I didn’t set out to be anything resembling a Classicist. I’m a regular guy who loves reading and learning as I fumble my way through life working as a Computing Infrastructure Engineer. It was only after years of reading that it slowly dawned on me that I was naively wandering lost in the Classics. At every turn of a page, I was – and still am – confronted by more questions than elucidations. Maybe Classics is the natural antecedent to any good ol’ fashioned Existential Crisis?

Although this is a personal account, there certainly must be other ‘lay readers’ of the Classics who feel a similar mixture of fascination and enjoyment on the one hand, and frustration and bewilderment on the other. This naturally raises the question: do the opinions and experiences of someone outside of academia belong in any learned journal? Or are we mere trespassers into a realm reserved only for scholarly minds and academic opinions? Even worse, perhaps, are our experiences and opinions something to be patronizingly indulged by the experts?
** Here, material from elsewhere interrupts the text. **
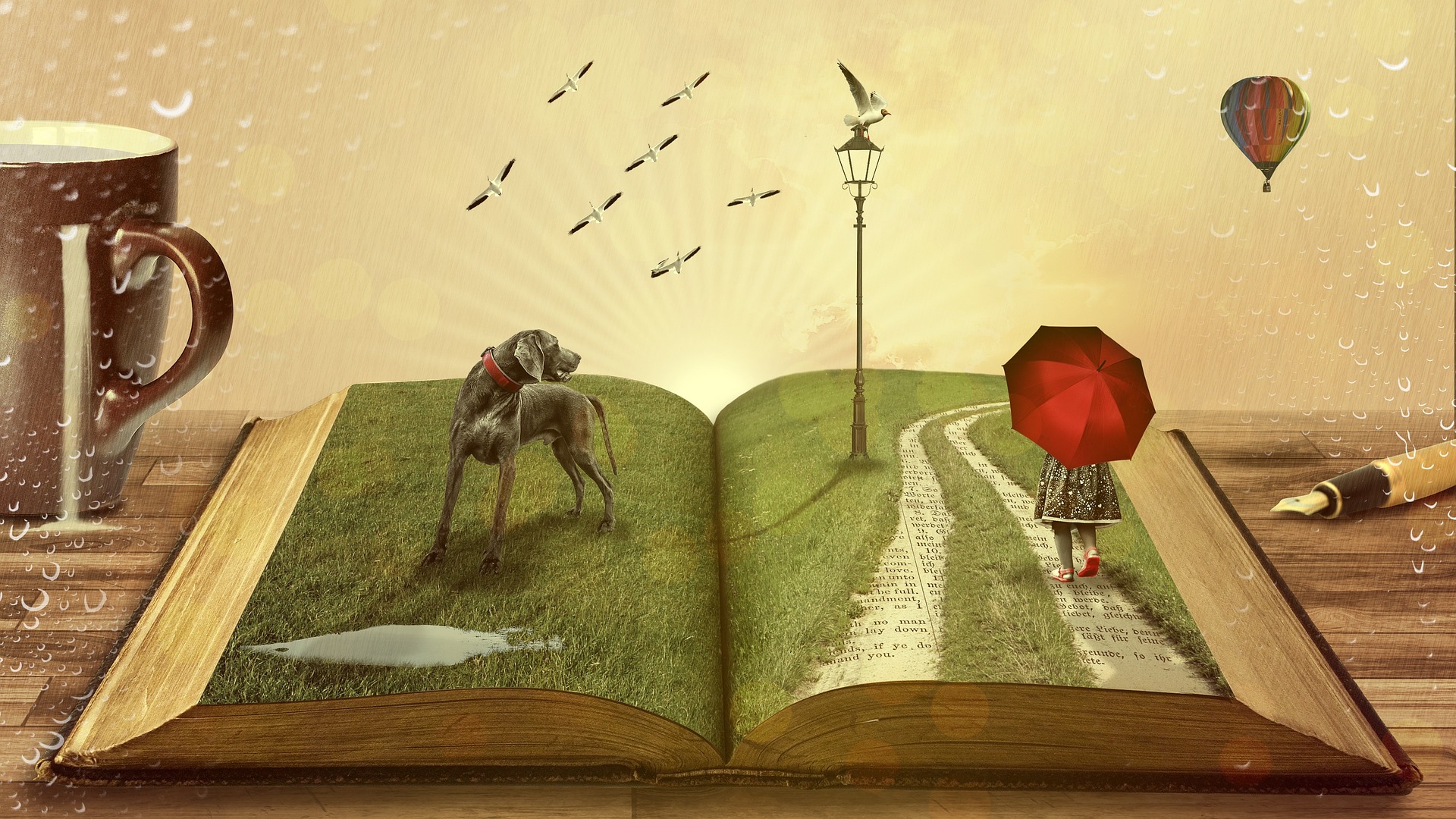 graphic illustration with an open book, little girl walking with a red umbrella and an hunting dog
Here I hope to show that a lay reader’s experience is meaningful not because of some kind of comparison to an esoteric academic standard, but rather because of the intrinsic value it gives to the individual – as measured against that very individual. At least, this is true for me, and I suspect it is for many others like me, since I don’t read to measure myself against someone else’s standards.
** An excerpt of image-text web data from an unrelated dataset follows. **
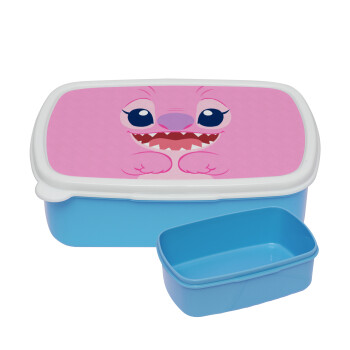 Lilo & Stitch Angel pink, ΜΠΛΕ παιδικό δοχείο φαγητού (lunchbox) πλαστικό (BPA-FREE) Lunch Βox M18 x Π13 x Υ6cm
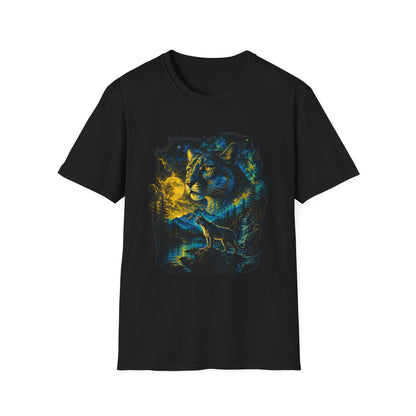 Moon T-Shirt — Neon Cosmic Big Cat Graphic Tee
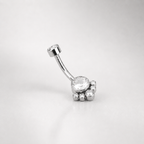 Rainbow CZ Cat Paw Titanium Navel Ring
Young man reading by candlelight, Matthias Stom, 1630s (Nationalmuseum, Stockholm, Sweden).

It was a gradual process that led me eventually to the Classics. Growing up, I was a struggling brooding guy, as if out of some “angry young man” film from the ’60s. I didn’t have money, but I had my books. During this time, I was intractably drawn to so-called “Existentialist” thinkers,[1] Friedrich Nietzsche in particular (typical, I know!).  What I realized, as I read more of his works, was how important an understanding of Classical Greece was in order to know his thought better. After all, he had been a Professor of Classical Philology in Basel. The more I investigated each of his Classical Greek allusions, the more intrigued I became. What a heady concoction his Apollonian/Dionysian theory – with all its licentious implications) – was for me at the time!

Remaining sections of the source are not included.